Each year, I look forward to the fall months for news about books and reading. Magazines, newspapers and trade organizations choose the fall to announce their selections for “best books” of the year. It is a good time to compare our favorite books with these lists, hoping to add undiscovered gems to our reading lists.
Many prestigious book awards also are announced in the fall. The National Book Awards were unveiled in November; the Man Booker Prize was announced in October. The publication of outstanding books and the awarding of prestigious prizes, however, are by no means limited to the fall.
Good news for those of us who care about books and reading: 2018 was a good year for publishing. The sales of print books rose by 1.3%, according to Publishers Weekly. Adult non-fiction was a significant driver of the increase. Michelle Obama’s Becoming was the runaway best seller of 2018, selling 3.4 million copies. Sales of hardcover books in general were up by 6.2%.
As a frequent user of public transportation and air traveler, I often feel like the lone person in the room carrying a hardcover book. Hopefully, the rest of you are someplace more comfortable, perhaps ensconced in an easy chair, cat in your lap, dog at your feet, fireplace blazing, with chocolate, tea, and apple slices within easy reach.
The following are some of my favorite books of 2018. While my list makes no claim to be either comprehensive or the “best books” of the year, these are some titles that I particularly enjoyed.
Atkinson, Kate. Transcription
Spies, double agents, and ordinary people are caught up in the fallout of espionage during World War II. Set in London, Transcription satisfies with its complex characters, intriguing plot, psychological suspense, and enlightening history.
Atkinson’s other books include Case Histories and Started Early, Took My Dog. (Note: a new Jackson Brodie title, Big Sky, will be released in June 2019).
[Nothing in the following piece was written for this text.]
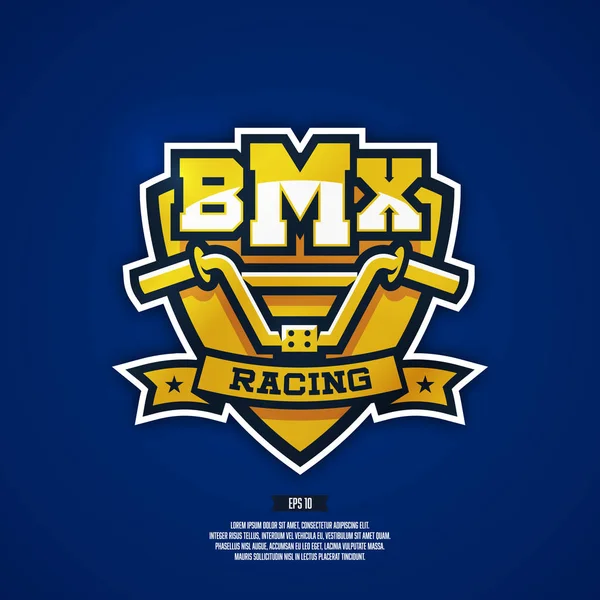 BMX logo de carreras . — Archivo Imágenes Vectoriales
Mason, Daniel. The Winter Soldier
This World War I tale of star-crossed lovers features a well-to-do Austrian medical student who, with no real experience, is thrown into a remote mountain clinic to prepare injured soldiers to return to war. Lucius’s mentor, Sister Margarete, teaches him the real-life skills he needs to perform surgeries and healing with minimal supplies. As their paths diverge, war continues to create tragedy in its wake.
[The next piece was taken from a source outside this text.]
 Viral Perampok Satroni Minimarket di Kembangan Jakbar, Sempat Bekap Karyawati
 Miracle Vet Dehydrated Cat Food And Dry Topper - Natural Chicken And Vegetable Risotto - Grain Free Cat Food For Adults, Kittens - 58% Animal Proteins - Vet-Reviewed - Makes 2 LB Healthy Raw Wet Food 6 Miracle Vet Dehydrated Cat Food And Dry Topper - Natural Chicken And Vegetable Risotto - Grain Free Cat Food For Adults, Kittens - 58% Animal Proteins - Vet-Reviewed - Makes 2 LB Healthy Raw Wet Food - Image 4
I am not alone in the library world in my love for mysteries. The following are wonderfully crafted novels. While all stand within a series by the authors, each is imaginative and could easily stand on their own.
Griffiths, Elly. The Dark Angel
In this latest installment of Griffiths’ Ruth Galloway series, the British archaeologist finds herself unraveling a mystery in a medieval Italian town. Back in England, DCI Nelson has his own challenges, and is forced to make a choice either to follow Ruth or to discover who is threatening him and his family at home. As the story progresses, their relationship and the consequences become more complicated.
Leon, Donna. The Temptation of Forgiveness.
Hand’s down, Donna Leon is one of my favorite mystery writers. Commissario Guido Brunetti is a family man, who loves his wife and children and enjoys good food and wine. Set in Venice, Leon covers many contemporary challenges, as faced by her tender-hearted detective. In addition to crime, Guido confronts climate change, excessive tourism, pollution, rising waters, and the proliferation of drugs, supported by the strong women in his life.
Paretsky, Sara. Shell Game
Stolen artifacts, Middle Eastern politics, Russian mobsters, corporate greed, murder, undocumented workers – is there a contemporary subject that the author has overlooked? It is up to V.I. Warshawsky, Paretsky’s longtime detective heroine, to unravel the threads of this unlikely but most entertaining story.
Westover, Tara. Educated (Memoir)
In this page-turner, Westover details her years growing up in an eccentric family, in which non-conformity and family violence are normalized. For the author’s eventual awakening, education and independence come at a high cost when she leaves her remote but beautiful Idaho mountain home. Fans of Frank McCourt’s Angela’s Ashes or Jeannette Walls’ The Glass Castle will enjoy this book.
I once read that author Louise Penny is a favorite among librarians, so of course I had to try her. Her lead character, Armand Gamache, head of Sûreté du Québec, is a complicated person, and the stories can deal with dark subjects. Penny’s latest, Kingdom of the Blind, is no exception.
There will be many new and wonderful books published in 2019, and I look forward to many days devoted to books and reading. To quote the oft-used phrase, “so many books, so little time!”